I was extremely shocked when I heard the news that the plane crash in the French Alps of Germanwings flight from Barcelona to Dusseldorf had been a deliberate action on the part of the co-pilot. I had, like most people I think, assumed that there had been a catastrophic fault with the plane and the pilots were unable to land safely. So to hear that one of the pilots deliberately plunged into the mountains made me feel sick. Worse still, the silence he held, seemingly not even feeling the need to explain his actions, makes me extremely worried. This eerie silence makes me think that the pilot didn’t need to justify what he was doing.

Talking about this with my husband, he said that he is reassured by the fact the pilot brought the plane down, rather than it having a serious fault. I, on the other hand, am anything but reassured by this. In fact it makes me more nervous. The reason for this is that any fault in the engineering of the plane can be fixed in other planes, whereas we can never be sure another human won’t make the same choice as this pilot.

Humans are the most variable factor in flying these days, and it worries me that one individual can be given control like this over the lives of hundreds of others.
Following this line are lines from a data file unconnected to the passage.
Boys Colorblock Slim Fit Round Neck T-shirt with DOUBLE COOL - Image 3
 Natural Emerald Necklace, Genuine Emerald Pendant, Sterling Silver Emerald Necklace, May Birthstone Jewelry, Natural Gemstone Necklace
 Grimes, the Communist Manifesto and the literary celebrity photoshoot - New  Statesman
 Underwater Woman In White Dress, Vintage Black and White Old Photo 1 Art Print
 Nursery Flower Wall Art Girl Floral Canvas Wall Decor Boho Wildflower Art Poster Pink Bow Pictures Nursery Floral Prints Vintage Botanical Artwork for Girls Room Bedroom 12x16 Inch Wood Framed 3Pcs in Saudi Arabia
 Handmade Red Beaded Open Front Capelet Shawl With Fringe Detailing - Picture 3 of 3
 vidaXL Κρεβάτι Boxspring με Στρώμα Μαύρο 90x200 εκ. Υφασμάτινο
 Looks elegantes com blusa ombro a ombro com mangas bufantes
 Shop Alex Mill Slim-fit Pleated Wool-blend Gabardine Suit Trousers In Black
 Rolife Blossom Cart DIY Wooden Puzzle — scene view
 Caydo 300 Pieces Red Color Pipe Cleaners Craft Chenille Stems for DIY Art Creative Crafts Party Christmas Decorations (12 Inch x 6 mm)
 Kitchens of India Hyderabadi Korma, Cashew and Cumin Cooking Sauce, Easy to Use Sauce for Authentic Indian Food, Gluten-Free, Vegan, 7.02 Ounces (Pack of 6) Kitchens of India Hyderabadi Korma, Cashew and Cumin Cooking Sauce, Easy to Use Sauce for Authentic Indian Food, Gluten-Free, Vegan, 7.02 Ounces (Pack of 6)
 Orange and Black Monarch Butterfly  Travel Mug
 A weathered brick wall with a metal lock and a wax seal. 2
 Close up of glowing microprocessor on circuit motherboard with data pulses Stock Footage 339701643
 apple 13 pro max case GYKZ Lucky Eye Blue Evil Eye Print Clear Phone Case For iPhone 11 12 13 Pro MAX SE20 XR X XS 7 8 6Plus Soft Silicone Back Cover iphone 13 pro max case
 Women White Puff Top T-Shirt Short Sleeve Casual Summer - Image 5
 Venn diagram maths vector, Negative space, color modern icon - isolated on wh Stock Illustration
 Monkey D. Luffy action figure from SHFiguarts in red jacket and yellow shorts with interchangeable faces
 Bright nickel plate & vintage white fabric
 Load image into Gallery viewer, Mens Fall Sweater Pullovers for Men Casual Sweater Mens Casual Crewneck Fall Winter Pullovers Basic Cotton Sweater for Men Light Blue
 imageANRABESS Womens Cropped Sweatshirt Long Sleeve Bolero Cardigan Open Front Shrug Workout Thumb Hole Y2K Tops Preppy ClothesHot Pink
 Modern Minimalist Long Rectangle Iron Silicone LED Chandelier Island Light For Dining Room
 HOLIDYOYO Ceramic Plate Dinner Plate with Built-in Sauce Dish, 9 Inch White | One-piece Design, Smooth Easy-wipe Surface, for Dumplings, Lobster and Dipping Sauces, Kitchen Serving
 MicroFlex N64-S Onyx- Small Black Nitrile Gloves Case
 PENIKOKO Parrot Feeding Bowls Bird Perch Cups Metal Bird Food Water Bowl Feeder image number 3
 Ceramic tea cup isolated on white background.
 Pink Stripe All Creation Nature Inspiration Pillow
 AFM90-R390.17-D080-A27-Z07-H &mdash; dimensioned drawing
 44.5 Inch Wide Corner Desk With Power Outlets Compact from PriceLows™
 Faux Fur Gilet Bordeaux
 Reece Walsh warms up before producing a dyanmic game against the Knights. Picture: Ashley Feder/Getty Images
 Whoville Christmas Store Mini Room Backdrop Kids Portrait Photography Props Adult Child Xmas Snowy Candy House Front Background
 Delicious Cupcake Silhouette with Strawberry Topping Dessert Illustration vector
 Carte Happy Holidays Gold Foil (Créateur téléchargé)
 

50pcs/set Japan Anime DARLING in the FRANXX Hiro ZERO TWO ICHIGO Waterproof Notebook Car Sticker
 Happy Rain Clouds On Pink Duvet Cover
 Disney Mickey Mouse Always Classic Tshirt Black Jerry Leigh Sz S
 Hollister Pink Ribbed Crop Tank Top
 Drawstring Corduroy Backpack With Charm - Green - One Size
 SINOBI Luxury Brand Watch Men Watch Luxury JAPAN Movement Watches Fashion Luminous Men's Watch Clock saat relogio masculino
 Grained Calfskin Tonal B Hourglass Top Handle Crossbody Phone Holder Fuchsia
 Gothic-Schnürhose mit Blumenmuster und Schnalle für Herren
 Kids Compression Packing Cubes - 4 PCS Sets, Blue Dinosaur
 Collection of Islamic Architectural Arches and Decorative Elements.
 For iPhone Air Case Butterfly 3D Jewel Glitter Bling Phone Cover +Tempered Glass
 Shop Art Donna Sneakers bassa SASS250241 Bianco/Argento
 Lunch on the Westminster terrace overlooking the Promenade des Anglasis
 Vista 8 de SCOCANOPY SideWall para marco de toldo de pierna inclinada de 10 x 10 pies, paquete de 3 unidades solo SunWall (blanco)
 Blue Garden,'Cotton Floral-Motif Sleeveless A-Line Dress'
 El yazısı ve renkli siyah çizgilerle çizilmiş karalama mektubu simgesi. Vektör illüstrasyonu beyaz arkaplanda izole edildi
I can accept that devastating tragedies sometimes happen by accident, but I can never accept that any human can cause such devastation.

I’m not exactly longing for the day when computers or robots take over our flying of planes (or programmes or whatever) but I do feel that it might prevent some of these tragedies caused by poor human judgement. And until then, we need to put measures into place so that no one person can ever single-handedly down a passenger aircraft.